One Saturday in November I got my hair done for the first time at the Kelly Cardenas salon. This would have been like any other day in November except it happened to be the day after I had gone on the most amazing first date ever. He was charming, he listened intently, he paid for everything, and by the end of the night we’d planned dates two and three.
Now I should have had my eye out for red flags, but how could I see straight? I was temporarily blinded by fireworks. I was still floating when I introduced myself to Nicole, the stylist who would later become my hairapist. It was while under the influence of romance that I decided to do something dramatic to my hair.
“Give me a new cut and color,” I said. “Something fun, and fresh–for the new me.”
“What do you mean ‘new you’?”
“Oh Nicole, honey. I met a guy. And let’s just say: there were fireworks.”

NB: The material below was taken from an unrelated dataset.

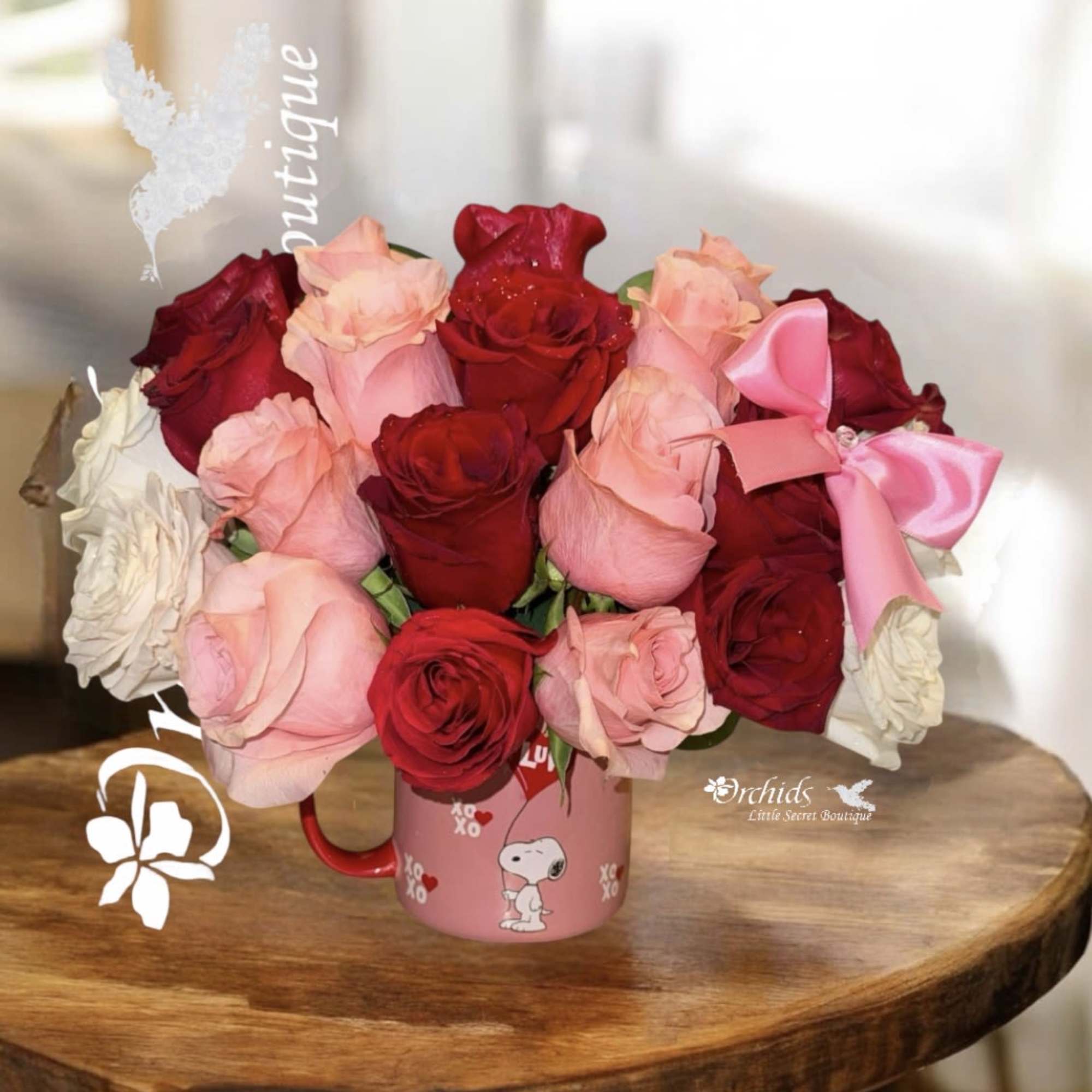 Bouquet of red and pink roses in a pink Snoopy mug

But by February, things weren’t looking so good. I needed hairapy in a bad, bad way. Not only was my hair fading, but I could feel my relationship washing out too. I went in to see Nicole in the hopes she could help me bring back that spark.
“How are things going with the suitor?” she asked.
“They’re good. I mean, I don’t know where he is right now–he travels a lot–but he’s going to call me when he’s back in town and we’re for sure going to hang out then. Things are really great when he’s in Chicago.”
“Uh-hum.” She said with the raised eyebrow of a woman who has heard it all. But I wasn’t listening.
“Make me look like Rihanna,” I said. “No, make me look like Rihanna’s older sister. No no, make me look like Rihanna’s accountant. Something edgy, yet practical.”
But even my spunky red highlights weren’t enough to keep this relationship from splitting at the ends. Last week I went back to the salon for the third time:
“Can you please just do something about this red, it turned all brassy in the sun, and now that it’s growing out I’m starting to look like the actual Rihanna… And can you just bring that wine bottle over here, so I don’t have to keep asking that poor assistant to fill this up?”
“Uh oh. What’s going on?” she asked, tying the hair smock around my neck.
“I broke up with my suitor,” I said through my tumbler of Chardonnay.
“Remember how I told you it was fireworks?”
“I was wrong. It wasn’t fireworks, it was a sparkler. They kinda look the same, but one fizzles out and burns you if you hold on too long.”
“I’m sorry,” my hairapist said, examining my mismatched hair. “What should we do about this?”
“Take me back to the old me,” I said, looking in the mirror.
And with that I began the slow and tedious return to the brunette I hadn’t seen in months. And while I waited patiently in foils, I ordered myself a large pizza and had it delivered to my chair.
It feels good to get back to my roots.
Sorry I’ve been so M.I.A. Disasters. I can’t tell you how glad I am to be back.